Perspective Matters
By Beth W. Orenstein
Radiology Today
Vol. 20 No. 8 P. 16
New ACP guidelines reignite the debate about optimal breast cancer screening protocols.
Every year, more than 40,000 women die from breast cancer in the United States, according to the American Society of Clinical Oncology. Experts agree that, when detected early, breast cancer is more treatable and women are more likely to survive long term. Screening mammography is widely considered the best way to detect early breast cancers. But that’s where agreement ends—and controversy arises.

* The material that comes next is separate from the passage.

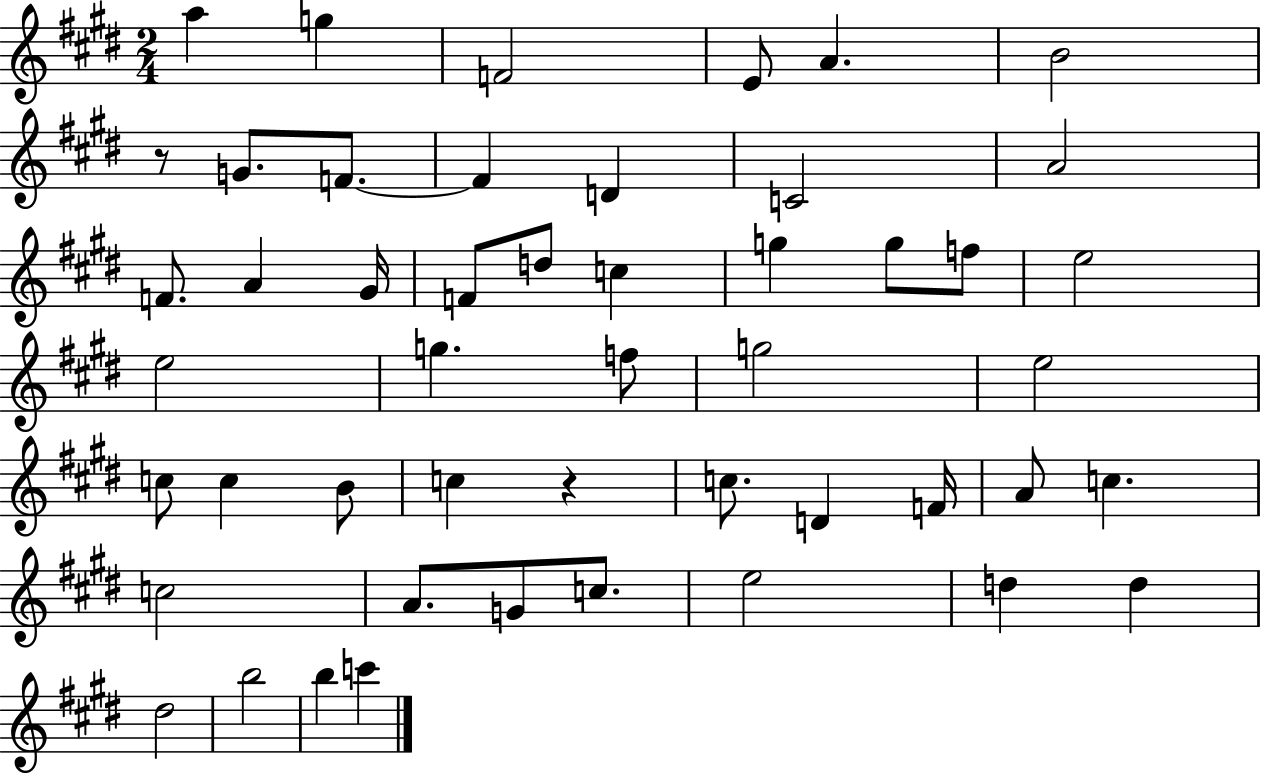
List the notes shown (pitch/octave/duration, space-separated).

Recommendations on when most women should start screening mammography and how often they should have mammograms—yearly or every other year—have changed over the years. In 2003, the American Cancer Society (ACS) recommended women begin annual mammograms at age 40 and continue annually as long as they are at average risk for breast cancer, in reasonably good health, and candidates for treatment. The recommendation stood and was supported by others, including the ACR and the Society for Breast Imaging, for a number of years.
Contrasting Views
In November 2009, the US Preventive Services Task Force (USPSTF) recommended that all women start routine biennial mammography screenings at the age of 50. The USPSTF also said that women may choose to start routine mammography screenings between ages 40 and 49, after talking with their doctors about their personal values and preferences. In 2015, the ACS updated its recommendation to say women should begin screening at 45 and undergo annual screening until 55. The group also recommended that women 55 and older could continue annual screening with mammography or transition to every other year, if they wish. Both groups’ recommendations stirred controversy when they were issued.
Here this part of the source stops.